4. Interesting Study Demonstrating The Counter-Intuitiveness Of The Bayes' Theorem

(This part of blog is inspired from a great video by 3 Blue 1 Brown).

Let me ask you an interesting question. Steve is very shy and withdrawn, invariably helpful but with little interest in people or in the world of reality. A meek and tidy soul, he has a need for order and structure, and a passion for detail." Having read this sentence what do you think is the profession of Steve, a librarian or a farmer ?

(This quesion was asked by Nobel Laureate Daniel Kahneman and Amos Tversky in the studies which they conducted that showed that humans are intuitively bad staticians (even those who had PhDs in the field of statistics) and sometimes overestimate the correctness of their prior beliefs. Daniel Kahneman has written about these studies in his book "Thinking ,fast and slow".)

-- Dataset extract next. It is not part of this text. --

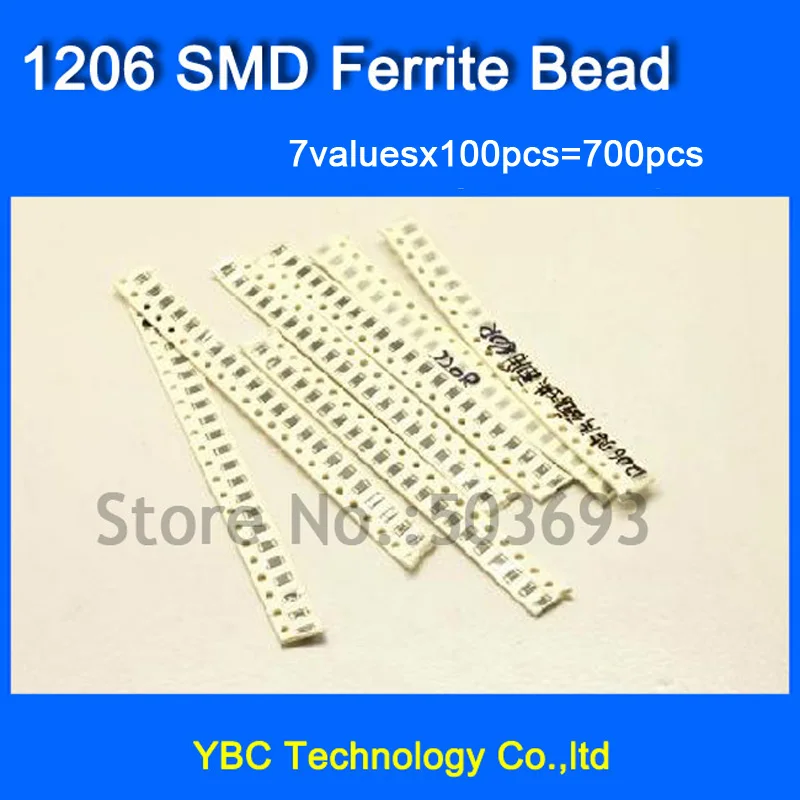 1206 SMD ферритового 7valuesX100pcs = 700 шт. 1206 SMD FB 11R 60R 80R 120R 220R 600R 1K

Most people would guess that Steve is a librarian because he fits in the stereotypical image of one. Let's look at this problem with a Bayesian perspective. Let's say that the sentence written in bold above is our evidence. Now we hypothesise that Steve is a librarian. Let's calculate the validity of our hypothesis.

Steve is a random person taken from a representative sample.

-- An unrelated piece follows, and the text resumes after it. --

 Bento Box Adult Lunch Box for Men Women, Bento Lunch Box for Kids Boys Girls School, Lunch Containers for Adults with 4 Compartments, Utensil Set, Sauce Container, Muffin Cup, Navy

  • Let's say the probability of observing the above traits in a random person are ${P(E)}$.
  • Let the probability of a random person being a farmer be ${P(F)}$.
  • Let the probability of a random person being a librarian be ${P(L)}$.

We would have to consider following questions to calculate the probability of our hypothesis given the evidence :

  1. Out of 100 librarians how many do you think fit the description given above in bold typeface? We are allowed to incorporate our stereotypes in estimating the answer to this question. Let's say 85 out of 100 librarians fit the evidence. Mathematically speaking, given that a person is a librarian, the probability of him fiiting the above evidence (he is shy and a "meek and tidy soul") is ${P(E\mid L)}$ = 0.85

  2. Out of 100 farmers how many do you think fit the description given above in bold typeface? Let's say 30 farmers fit the evidence (beacuse we all stereotypically think that farmers are less likely to be shy or a "meek and tidy soul"). Mathematically speaking, given that a person is a farmer, the probability of him fiting the above evidence is ${P(E\mid F)}$ = 0.3

We also need to take into account some statistical facts to decide our prior beliefs. At the time of conduction of this study, there were 20 farmers for every 1 librarian in america. Thus, out of 210, 10 people were librarian and 200 are farmers.Therefore, probability of a random person being a farmer i.e ${P(F)}$ = 0.95 and probability of a random person being a librarian i.e ${P(L)}$ is 0.05 (assuming our representative sample has only farmers and librarians).

Listing all the ways in which the evidence can occur:

  1. The person selected at random is a librarian and he is a "meek and tidy soul" (${P(L)\times P(E\mid L)}$) or 2. The person selected at random is a farmer and he is a "meek and tidy soul" (${P(F)\times P(E\mid F)}$).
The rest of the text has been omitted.